Ou fugir ou ser preso. E prisão significava tortura e morte. A sobrevivência,
dura, difícil e, quase sempre, impossível.
A arte da fuga era imperativa.
Aprender a fugir, estar sempre pronto para escapar, uma necessidade como o
alimento de todo dia.
Entre as muitas fugas, a mais
longa foi feita no percurso Juiz de Fora, Belo Horizonte, São Paulo, Porto
Alegre, Santa Maria e Chui, onde a fuga terminou e onde fui preso e transferido
na mesma noite para Santa Maria e depois Porto Alegre, no Rio Grande do Sul.
Na capital gaúcha, fiquei
preso mais de 30 dias, exatos 45 dias.
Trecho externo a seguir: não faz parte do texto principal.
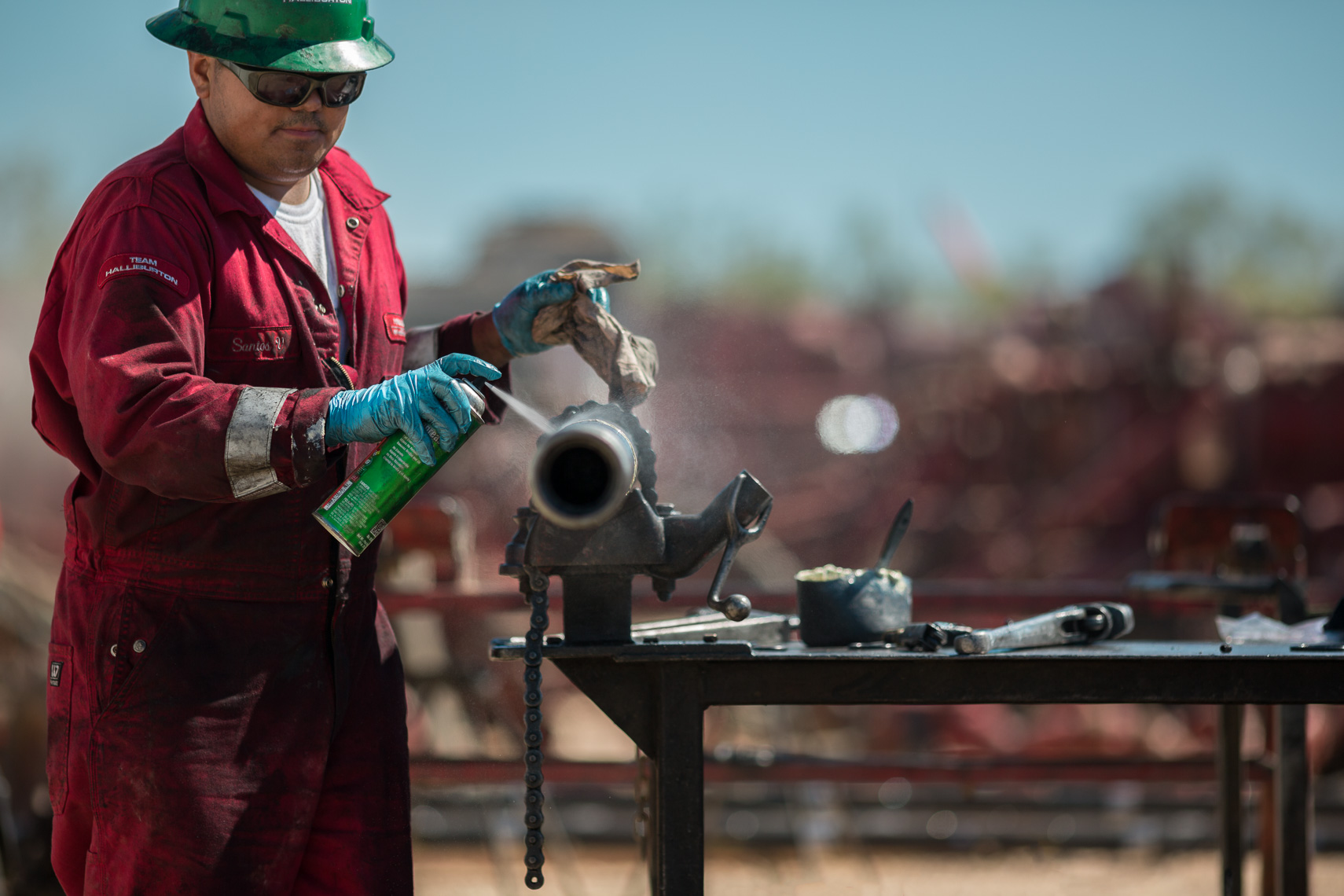 Lifestyle Photo Of Oil & Gas Worker Spraying Pipe by Jason Risner Photography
No quartel da Polícia do Exército,
num casarão velho no centro da capital, a carceragem tinha três celas, uma
grande e duas de isolamento, castigo, nos fundos da cela maior. As duas celas
não tinham latrina e nem água. Ali, isolado, era vigiado por um soldado suicida,
preso na cela maior.
Foi a fuga em que perdi a
parada. Incompetente para fugir. Capturado, iniciei uma outra arte, a arte para
a sobrevivência, a arte da mentira, num jogo de gato e rato, onde teria que ser
sempre o perdedor. Ganhar significaria morrer. Não poderia cometer a burrice da
criança que quer ganhar todas, desde jogo de bola de gude, partida de futebol e
a menina mais bonita do lugar.
Neste jogo de sobrevivência,
onde a mentira tornar-se-ia uma arte, perder fazia parte essencial do jogo,
assim ser capturado na mentira, perder, no jogo da investigação e da
inteligência, também fazia parte da estratégia da sobrevivência no
interrogatório. O policial tinha que apanhá-lo mentindo, era a jogada da
“Mentira de Pernas-curtas”. A mentira de pernas-curtas tinha uma medida precisa,
pois não se podia abusar da inteligência do outro.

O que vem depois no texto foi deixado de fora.